Érase una vez un tiempo en que cultivarse era apostar a desarrollarse como persona, en todos los aspectos. Si se quiere, constituía un reflejo de quererse un poco a sí mismo. Cuando todo es cultura y todo es bueno, para qué buscar superarse; por combatir la siempre condenable discriminación, se incurrió en la convalidación de la chatura y en el encumbrado de lo vulgar. Creció en la república la injustificable y rencorosa sensación de que quienes lograron formarse, deben haberlo hecho por ser privilegiados, por ende deben ser parte de la clase explotadora o estar al margen de la ley. Si alguien de origen humilde trata con esfuerzo de alcanzar la educación que le dé mejores resultados y lo consigue, en esta lógica perversa se transforma en un traidor de clase.

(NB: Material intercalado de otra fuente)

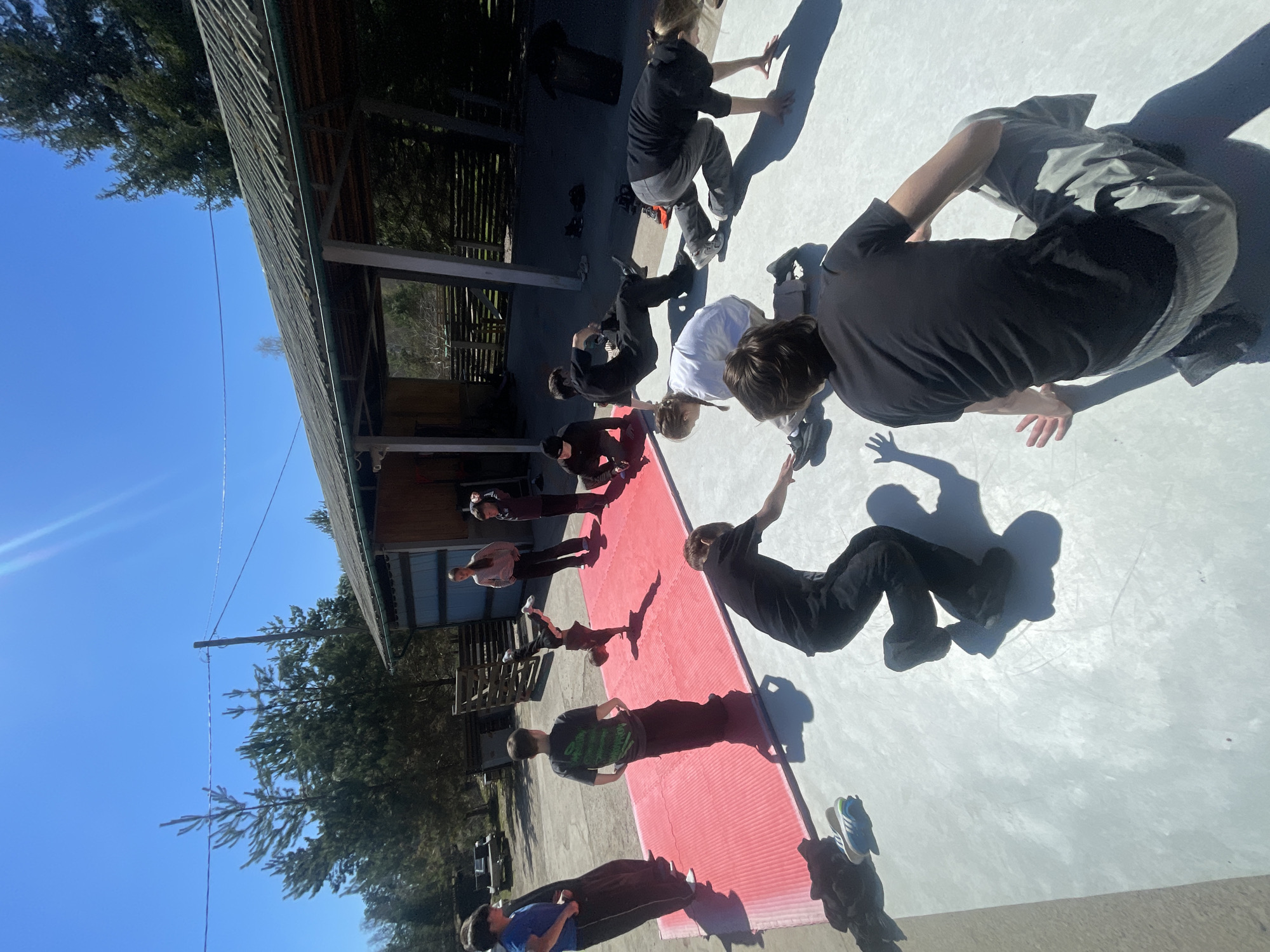 A group of approximately twelve people are performing exercises on a red mat and light-colored concrete surface. They are in various positions, some standing, some bending over, and some seemingly performing jumping or balancing movements. The scene appears to be outdoors, adjacent to a building with a covered structure. Beyond the building, trees are visible, and a clear blue sky is overhead. The location is identified as Daurskoe, Russia.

Quién hubiera creído hace pocos años atrás en el Uruguay que reivindicar las buenas costumbres y más respeto en el relacionamiento entre los ciudadanos pasaría a ser una ridícula queja de algún insensible clasista, enemigo de las clases populares y sus costumbres. En un falso gesto de solidaridad, vinculan lo popular exclusivamente al fruto de la marginación, la humildad con la resignación, desvalorizan la esperanza y el orgullo en la gente, parecen celebrar el embrutecimiento del pueblo. Debemos confesar que se hace difícil hablar de respeto entre la gente cuando el Gobierno no respeta la voluntad popular, expresada dos veces en un mismo sentido, como ocurrió —nos guste o no— con la Ley de Caducidad.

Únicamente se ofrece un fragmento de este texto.